Cibarsi non è solo una pulsione indispensabile per la sopravvivenza. Diventa anche un momento culturale da cui dipende il nostro benessere o malessere. Ecco perché le scelte sono importanti: in ballo c'è il nostro futuro.
La tendenza a scegliere un cibo anziché un altro per la propria alimentazione è il risultato di diversi fattori condizionanti di natura culturale, psicologica, economica ed enzimatica (vedi il mio articolo sulla dipendenza enzimatica https://ilgiornalepopolare.it/il-pool-enzimatico/).
Gli alimenti assolvono la funzione nutritiva basilare in modo non solo legato alla sopravvivenza, fattore primario, ma anche alla nostra sfera emotiva, psicologica, culturale, tanto che il nostro atteggiamento alimentare diventa mezzo di comunicazione sociale, indicatore di status o assume valore celebrativo.
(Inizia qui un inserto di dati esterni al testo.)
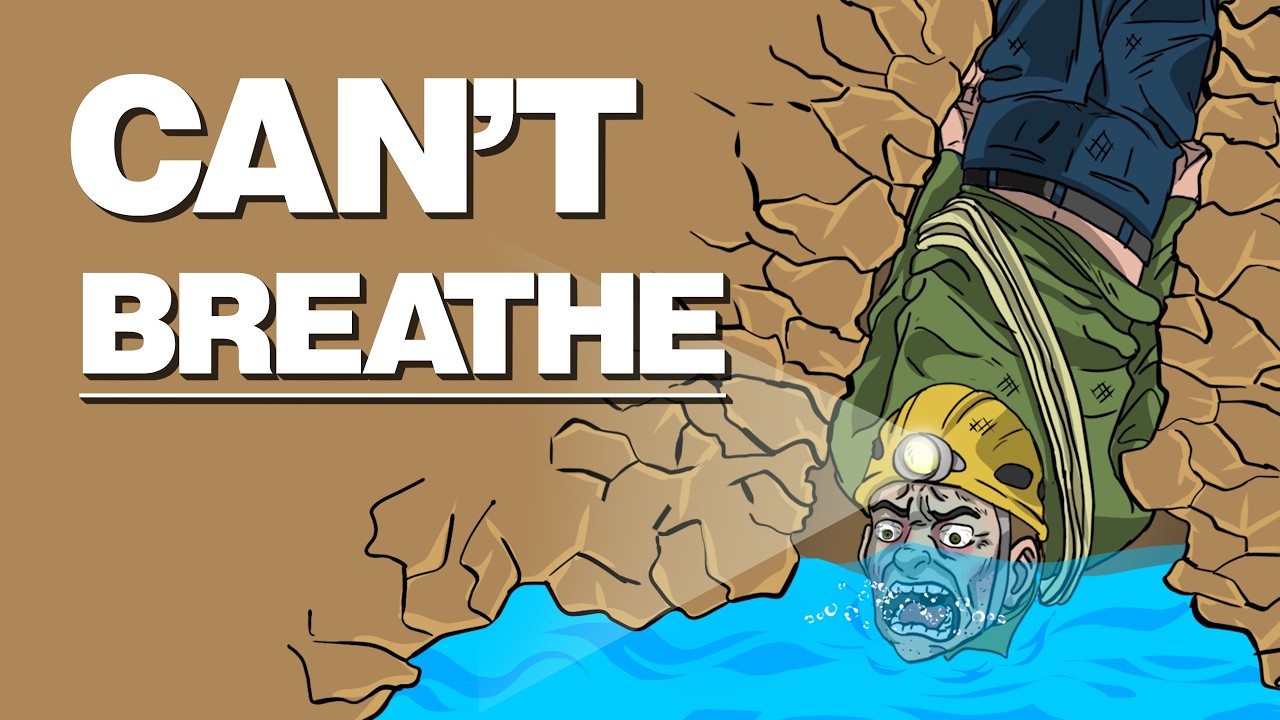 The Most Incredible Cave Rescues Ever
Vi porto alcuni esempi che rivelano la forte dipendenza tra l’atto del mangiare, il cibo che viene consumato e, a livello psicologico, le situazioni affettive e sessuali. Grazie a Freud ho messo a fuoco l’importanza della fase orale (quella che caratterizza i primi 18 mesi di vita) sulle scelte alimentari dell’età adulta.
Il bisogno di “suzione” tipico del neonato, può essere richiamato alla mente dal piacere di consumare alimenti come gelati, cioccolatini, budini e tutti i cibi cremosi. Non a caso alcuni soggetti provano imbarazzo a mangiare questi alimenti in pubblico. Molti alimenti portano con loro un significato.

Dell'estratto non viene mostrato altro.